Almost Oily
by Amy Zidell
07.01.10
What can we learn from the movie Aliens and the show Huckabee in relation to the blown out BP deep-water oil well? They may reveal a possible explanation why stopping the gushing oil is taking so long.
While recovering from a particularly nasty 24-hour stomach thing, I sat down and flipped through the channels to find something to watch. As I paused a few seconds on the Fox News Channel, a tease for the next segment of Huckabee caught my eye. He was going to feature numerous inventors demonstrating their products or devices that could be employed to clean up the oil spewing into the Gulf. I had to see this; I stayed with Fox News.
On the Huckabee stage, in front of a live studio audience, a demonstration area was set up complete with a couple of large fish tanks. One by one, the inventors used water filled tanks to represent the Gulf of Mexico. They poured oil, or fluids meant to simulate oil, into the tanks and then would introduce their products whether powder, liquid, special mats, or material that looked like dirt.
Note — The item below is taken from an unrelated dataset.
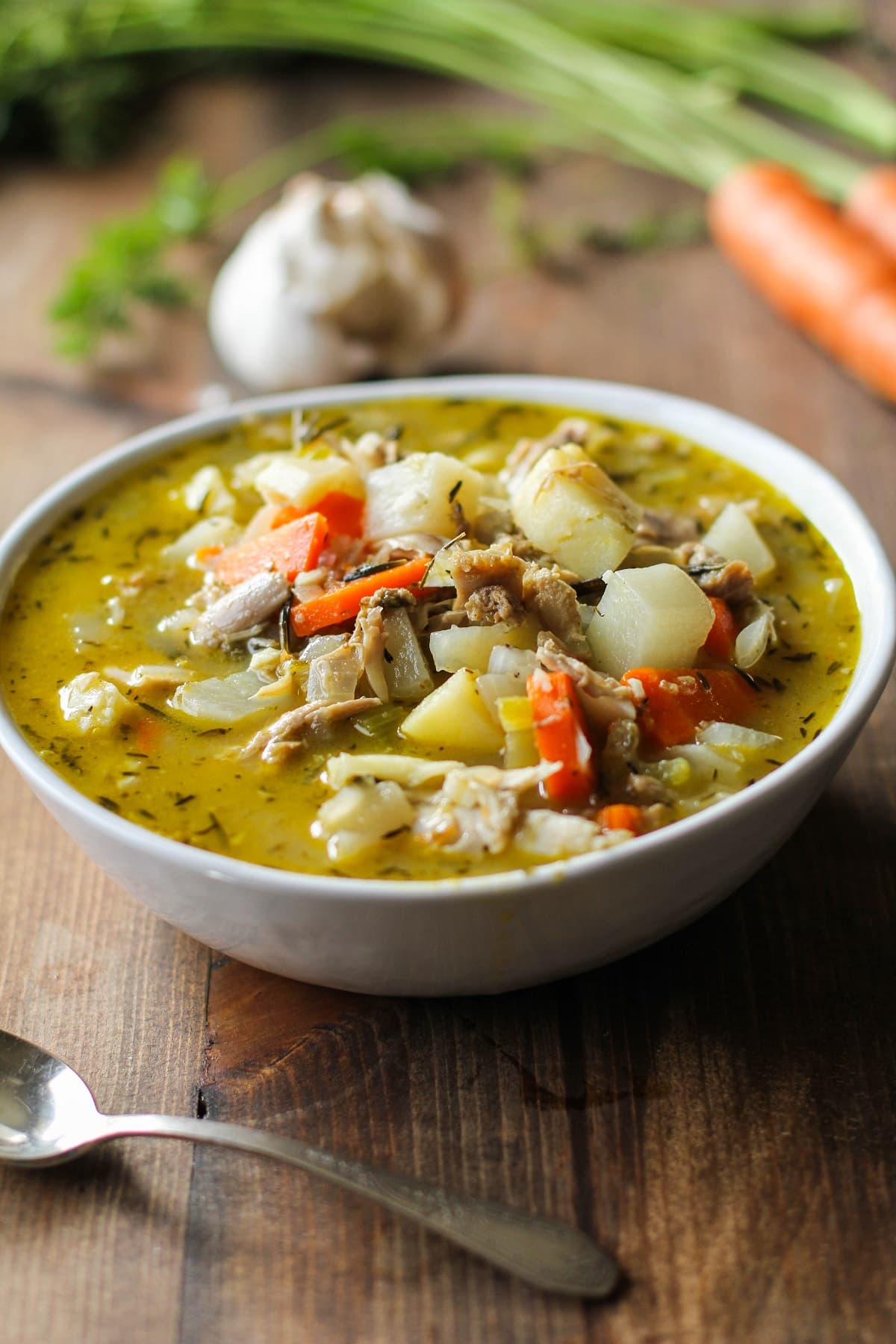 Bowl of turkey soup with a spoon to the side and vegetables in the background on a wood backdrop.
Viola, the pesky oil became solid, or easier to scoop up, or was repelled entirely from demonstration feathers. The phrase, "completely inert," was used frequently. When former Arkansas Governor Mike Huckabee asked the oil industry expert on hand whether or not a seemingly miraculous product could work in the Gulf, the expert was encouraging and nodded a lot.
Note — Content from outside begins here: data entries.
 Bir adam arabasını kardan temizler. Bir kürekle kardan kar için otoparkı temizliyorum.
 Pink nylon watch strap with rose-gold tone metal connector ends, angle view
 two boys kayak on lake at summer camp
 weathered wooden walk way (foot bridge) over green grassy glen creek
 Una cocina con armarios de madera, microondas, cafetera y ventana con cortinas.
Then a massive device was demonstrated via video. This metal contraption, as big as a small bus and looking like it could be a turbo charger for a steamship, cleans water and recovers oil. This device is tried and true, already in use with natural gas drilling in a southern state. Unlike most of the other inventors when asked if the company was in contact with BP, the answer was, "Yes."
That's when my old-school incandescent light bulb went off. Recovery was the key objective.
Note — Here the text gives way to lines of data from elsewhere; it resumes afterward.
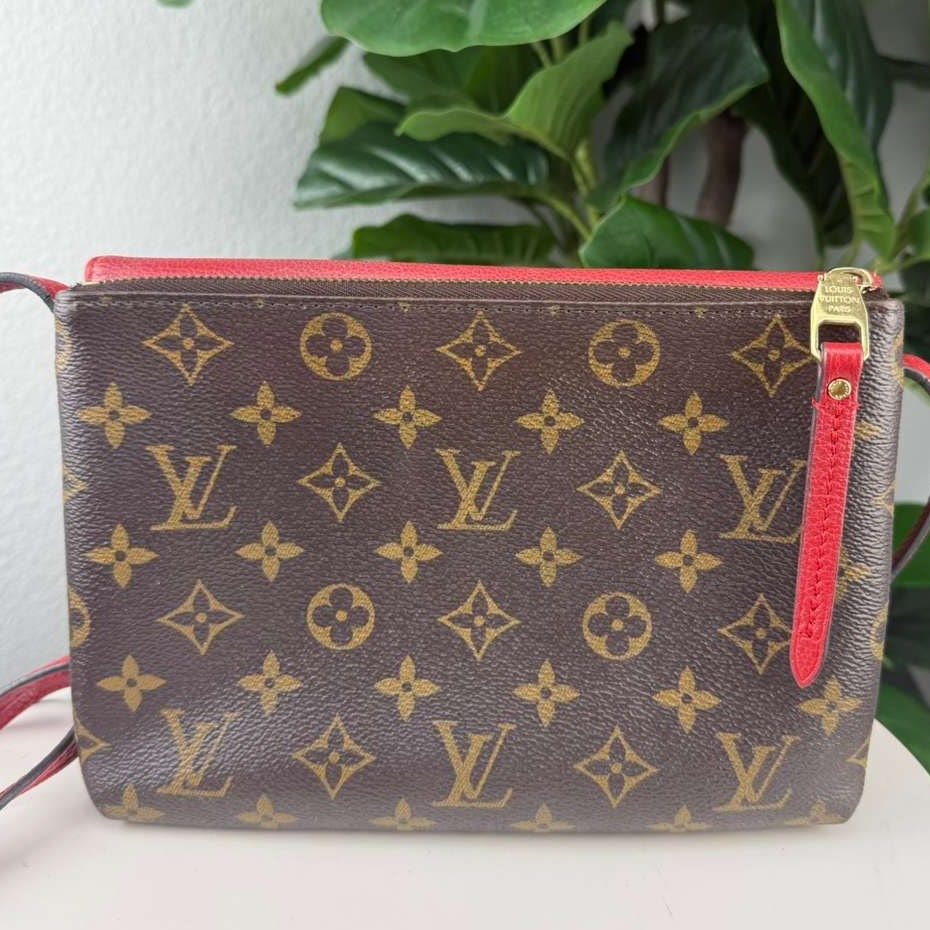 Authentic Louis Vuitton Monogram Twice Pochette bag in the Cerise Red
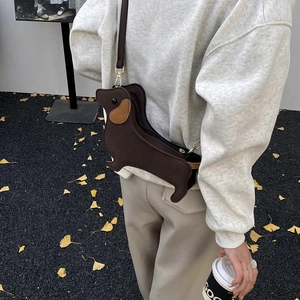 Creative dachshund-shaped crossbody bag in dark brown leather worn by a model outdoors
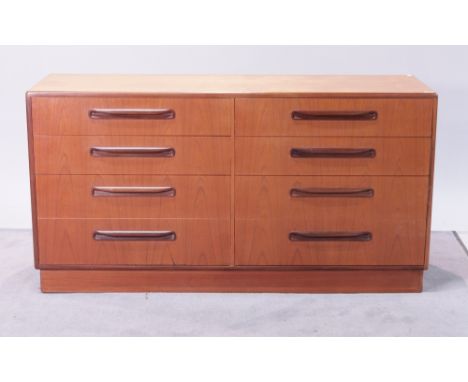 ‘G-PLAN’, a teak chestWith two rows of eight short drawers on plinth base 140cm wide; 72cm high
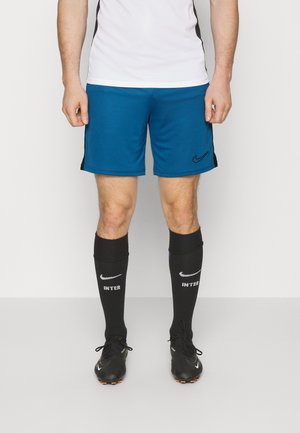 Homme portant un short de sport bleu Nike, des chaussettes de football noires avec le texte "INTER" et des crampons noirs Nike, debout devant un fond blanc uni.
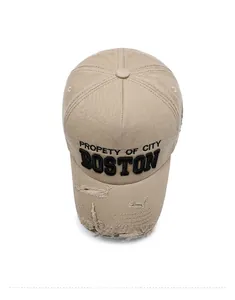 Top view of beige distressed denim baseball cap with Boston embroidery and ripped brim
At every briefing, Admiral Thad Allen, cites a quantity of how many barrels of oil have been produced. Certainly, this figure is important. The more barrels produced, the fewer barrels free floating in the ocean.
I'm not an engineer, but it seems to me that stopping an oil leak is very different from capturing leaking oil. No matter how completely inert an oil stopping substance may be, how does one recover oil once it has been transformed into a solid ball? Probably, you don't.
That's the Huckabee part. Now for Aliens, and not the illegal kind. A few days later, scrolling through the onscreen television program guide this time, I saw Aliens was on and decided to relax with the remainder of the classic sci-fi movie. A basic part of the Alien franchise is: stay alive, save the humans, keep the Aliens from spreading, and kill the Aliens. Of course, that's from the perspective of heroic protagonist Ellen Ripley, played by Sigourney Weaver. In Aliens corporate bad guy, Carter Burke, played by Paul Reiser, wants to RECOVER an Alien because the creature could be valuable to the company. Burke also, is an impediment to the plan that would quickly annihilate the Aliens by turning the planet into a massive nuclear bomb, as the, "installation," on the planet is a multi-million dollar facility. Burke's recovery interest and facility protection interferes with simply escaping the planet and blowing up the Aliens. This contributes to most of the team being killed, and, in the end, the planet still goes ka-boom.
The parallel is crystal clear to me.
Add to this, in the realm of curiously interesting, that the same James Cameron who wrote and directed Aliens, also offered his deep-water expertise to the blown BP well. That's less than six degrees of oily separation.